2.  Patients and methods

2.1.  Patients

 From June 1998 to December 2012, 31 eyes from 27 patients with TMD underwent peripheral DALK surgery in the cornea clinic at the Sir Run Run Shaw Hospital, School of Medicine, Zhejiang University, Hangzhou, China. The diagnosis of TMD was made on the basis of typical peripheral corneal thinning, opacification, vascularization, and lipid deposition. Indications for surgery included peripheral corneal perforation, Descemet’s membrane bulging, or thickness at the thinnest point no more than one quarter of the normal corneal thickness with corneal ectasia. Signs of ocular surface hyperaemia were eliminated with eyedrops before surgery for patients with inflammatory type TMD. Patients receiving postoperative follow-up of fewer than six months were excluded.

2.2.  Surgical methods

 All surgery was performed by the same surgeon (YFY). If the lesion progressed circumferentially and the inner edge was in the peripheral section without involving the pupil area, ring-shaped DALK was selected; if the lesion progressed both circumferentially and centrally and the inner edge was close to or involving the pupil area, D-shaped DALK was selected.

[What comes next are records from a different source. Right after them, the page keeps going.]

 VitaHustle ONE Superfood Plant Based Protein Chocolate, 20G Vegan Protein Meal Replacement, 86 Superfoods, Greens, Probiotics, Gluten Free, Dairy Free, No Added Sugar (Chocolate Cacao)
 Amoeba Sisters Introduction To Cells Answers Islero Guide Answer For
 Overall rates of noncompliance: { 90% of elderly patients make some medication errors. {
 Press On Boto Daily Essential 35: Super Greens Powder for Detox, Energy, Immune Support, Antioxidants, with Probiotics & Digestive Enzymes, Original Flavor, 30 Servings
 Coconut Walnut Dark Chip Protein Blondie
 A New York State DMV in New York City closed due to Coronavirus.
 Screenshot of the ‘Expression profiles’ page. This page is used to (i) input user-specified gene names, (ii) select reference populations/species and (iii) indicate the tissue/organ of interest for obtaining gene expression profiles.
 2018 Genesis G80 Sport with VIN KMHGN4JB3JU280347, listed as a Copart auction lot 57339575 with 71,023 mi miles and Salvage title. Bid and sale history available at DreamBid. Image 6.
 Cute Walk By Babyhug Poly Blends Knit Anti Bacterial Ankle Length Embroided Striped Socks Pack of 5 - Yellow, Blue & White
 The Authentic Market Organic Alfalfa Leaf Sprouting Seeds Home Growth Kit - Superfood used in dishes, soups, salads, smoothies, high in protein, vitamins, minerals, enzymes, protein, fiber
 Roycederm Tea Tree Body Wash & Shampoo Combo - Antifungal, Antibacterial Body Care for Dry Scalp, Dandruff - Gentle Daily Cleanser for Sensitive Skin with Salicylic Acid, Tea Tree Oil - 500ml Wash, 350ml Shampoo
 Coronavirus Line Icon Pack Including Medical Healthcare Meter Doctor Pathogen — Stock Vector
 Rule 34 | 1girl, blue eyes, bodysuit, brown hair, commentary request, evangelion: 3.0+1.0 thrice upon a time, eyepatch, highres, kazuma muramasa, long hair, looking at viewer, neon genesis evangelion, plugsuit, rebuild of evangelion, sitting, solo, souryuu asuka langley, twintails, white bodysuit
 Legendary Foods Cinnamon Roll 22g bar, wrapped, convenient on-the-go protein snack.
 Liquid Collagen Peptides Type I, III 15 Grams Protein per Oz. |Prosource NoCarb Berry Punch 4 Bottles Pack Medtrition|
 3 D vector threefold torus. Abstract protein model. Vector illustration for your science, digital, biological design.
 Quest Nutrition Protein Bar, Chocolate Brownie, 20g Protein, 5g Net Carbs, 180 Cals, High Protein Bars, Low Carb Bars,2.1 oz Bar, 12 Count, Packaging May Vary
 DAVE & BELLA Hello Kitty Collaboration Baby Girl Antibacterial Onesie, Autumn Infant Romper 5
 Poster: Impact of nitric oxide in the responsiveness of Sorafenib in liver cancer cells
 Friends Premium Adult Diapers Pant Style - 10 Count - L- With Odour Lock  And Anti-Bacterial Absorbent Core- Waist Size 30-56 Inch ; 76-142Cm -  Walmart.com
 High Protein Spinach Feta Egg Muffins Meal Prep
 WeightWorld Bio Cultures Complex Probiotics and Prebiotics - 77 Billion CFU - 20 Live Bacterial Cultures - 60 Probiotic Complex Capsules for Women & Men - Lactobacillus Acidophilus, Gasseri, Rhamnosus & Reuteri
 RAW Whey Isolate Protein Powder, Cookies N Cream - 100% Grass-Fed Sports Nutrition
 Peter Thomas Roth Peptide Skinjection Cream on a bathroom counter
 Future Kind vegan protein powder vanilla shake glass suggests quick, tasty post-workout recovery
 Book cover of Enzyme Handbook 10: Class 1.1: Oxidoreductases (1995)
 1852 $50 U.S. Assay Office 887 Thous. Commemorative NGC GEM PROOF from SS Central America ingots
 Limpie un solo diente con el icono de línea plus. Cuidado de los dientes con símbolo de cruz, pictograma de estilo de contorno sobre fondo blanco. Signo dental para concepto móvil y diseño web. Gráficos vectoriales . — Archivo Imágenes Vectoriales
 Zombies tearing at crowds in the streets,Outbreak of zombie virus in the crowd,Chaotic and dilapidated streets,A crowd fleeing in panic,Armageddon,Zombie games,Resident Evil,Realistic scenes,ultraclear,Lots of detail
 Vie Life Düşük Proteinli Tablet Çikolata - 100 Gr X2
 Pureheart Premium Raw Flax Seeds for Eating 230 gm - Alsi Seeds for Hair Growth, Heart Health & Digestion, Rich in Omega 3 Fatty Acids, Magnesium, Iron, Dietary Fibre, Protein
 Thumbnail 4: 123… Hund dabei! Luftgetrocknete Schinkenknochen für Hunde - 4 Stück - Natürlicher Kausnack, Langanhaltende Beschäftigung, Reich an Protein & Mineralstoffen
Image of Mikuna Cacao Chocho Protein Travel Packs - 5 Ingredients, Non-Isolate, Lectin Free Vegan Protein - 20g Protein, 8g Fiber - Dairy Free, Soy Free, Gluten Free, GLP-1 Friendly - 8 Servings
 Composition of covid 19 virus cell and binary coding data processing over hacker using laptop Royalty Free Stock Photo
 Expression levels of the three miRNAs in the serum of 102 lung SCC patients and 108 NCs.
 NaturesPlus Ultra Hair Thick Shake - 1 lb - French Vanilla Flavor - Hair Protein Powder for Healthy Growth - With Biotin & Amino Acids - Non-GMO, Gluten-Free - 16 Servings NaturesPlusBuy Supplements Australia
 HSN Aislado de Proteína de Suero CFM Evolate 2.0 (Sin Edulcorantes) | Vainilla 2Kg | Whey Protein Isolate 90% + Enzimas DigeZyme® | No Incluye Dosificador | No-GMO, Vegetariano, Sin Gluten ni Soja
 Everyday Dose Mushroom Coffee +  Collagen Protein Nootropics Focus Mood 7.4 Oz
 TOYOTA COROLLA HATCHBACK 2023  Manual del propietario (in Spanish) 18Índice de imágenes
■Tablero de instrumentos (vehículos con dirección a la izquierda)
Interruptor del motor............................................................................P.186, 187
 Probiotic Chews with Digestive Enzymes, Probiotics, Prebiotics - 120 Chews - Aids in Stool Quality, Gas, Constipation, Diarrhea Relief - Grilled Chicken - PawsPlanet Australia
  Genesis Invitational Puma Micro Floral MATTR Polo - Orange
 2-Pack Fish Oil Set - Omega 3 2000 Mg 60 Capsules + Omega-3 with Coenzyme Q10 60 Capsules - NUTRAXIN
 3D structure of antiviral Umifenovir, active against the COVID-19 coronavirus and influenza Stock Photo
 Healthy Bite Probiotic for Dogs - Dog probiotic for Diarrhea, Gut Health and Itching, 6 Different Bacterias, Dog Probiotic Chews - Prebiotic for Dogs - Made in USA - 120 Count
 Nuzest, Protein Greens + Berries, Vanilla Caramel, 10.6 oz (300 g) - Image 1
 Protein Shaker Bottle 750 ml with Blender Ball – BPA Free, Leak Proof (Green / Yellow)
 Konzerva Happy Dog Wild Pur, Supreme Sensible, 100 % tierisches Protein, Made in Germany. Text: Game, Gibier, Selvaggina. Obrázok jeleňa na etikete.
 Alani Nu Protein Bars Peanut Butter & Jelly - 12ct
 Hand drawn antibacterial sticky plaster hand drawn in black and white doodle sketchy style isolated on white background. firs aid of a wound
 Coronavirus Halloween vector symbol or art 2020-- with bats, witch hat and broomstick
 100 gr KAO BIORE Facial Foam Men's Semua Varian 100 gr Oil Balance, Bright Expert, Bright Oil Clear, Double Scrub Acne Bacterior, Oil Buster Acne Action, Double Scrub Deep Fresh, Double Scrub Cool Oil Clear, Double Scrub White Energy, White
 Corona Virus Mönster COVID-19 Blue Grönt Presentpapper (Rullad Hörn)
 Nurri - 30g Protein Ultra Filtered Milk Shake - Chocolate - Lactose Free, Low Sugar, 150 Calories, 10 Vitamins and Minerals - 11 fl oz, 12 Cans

 All surgery was performed while the patient was under general anesthesia. After the upper and lower rectus muscles were fixed, the conjunctiva adjacent to the diseased cornea was cut in a way to save limbal stem cells at the conjunctival edge. Next, the conjunctiva was retracted from the limbus and the subconjunctival tissue was excised to expose the bare sclera. For ring-shaped DALK, a trephine was used to mark the inner edge of the corneal lesion, with an inner diameter 0.5 mm smaller than the lipid edge to ensure that the entire degenerative cornea was involved. A diamond knife was then employed to deepen the trephine groove. The outer edge was 0.5 mm larger than the thinned corneal limbus and was marked by a freehand incision using a diamond knife parallel to the clear arc of the limbus. Two ends of the ring were outlined by a freehand incision (Figs. 1a and 1b). For D-shaped DALK, the inner edge was defined as the line incised freehand between the two points on either side of the lesion, and the outer edge was also marked parallel to the arc of the limbus (Figs. 1c and 1d). Following the outline, the stroma, including lipid deposition, was removed almost to the level of Descemet’s membrane. If there was a large perforation, a postoperative shallow anterior chamber may occur. Iridectomy was performed to prevent postoperative papillary block and secondary glaucoma. After iridectomy was finished, the lamellar dissection was continued.



Fig.1
Dimensions of the corneoscleral bed and graft
(a) If the lesion was in the peripheral part and partially involved the perimeter, a partial ring-shaped DALK was chosen. (b) If the lesion was in the peripheral part and involved the entire perimeter, a complete ring-shaped DALK was chosen. (c) If the inner edge of the lesion was close to the pupil area, a small D-shaped DALK was chosen and sutures did not cross the pupil. (d) If the inner edge of the lesion involved the pupil area, a large D-shaped DALK was chosen and the sutures did not cross the pupil

 All corneal donor tissue was stored at −20 °C. Routinely, we perform FBDLK or penetrating keratoplasty (PK) with a trephine of 7.25 to 8.25 mm in diameter, and for these cases the retained peripheral corneoscleral rims were also stored at −20 °C. If we performed ring-shaped DALK, the donor graft was obtained from the peripheral corneoscleral rim. Before surgery, the lesion was measured and the matched cryopreserved donor corneoscleral rim with the same inner diameter was selected. During surgery, the outer edge and the two ends of the graft were further trimmed to match the bed. If we performed D-shaped DALK, the cryopreserved whole eyeball was prepared. During surgery, the edge was incised using a diamond knife, implementing the same method as when the bed was marked. Next, the full-thickness graft was reduced in size using scissors. After the epithelium and endothelium were wiped away, the full-thickness graft was sutured in place with interrupted and tight sutures, using 10-0 nylon for compressive sutures.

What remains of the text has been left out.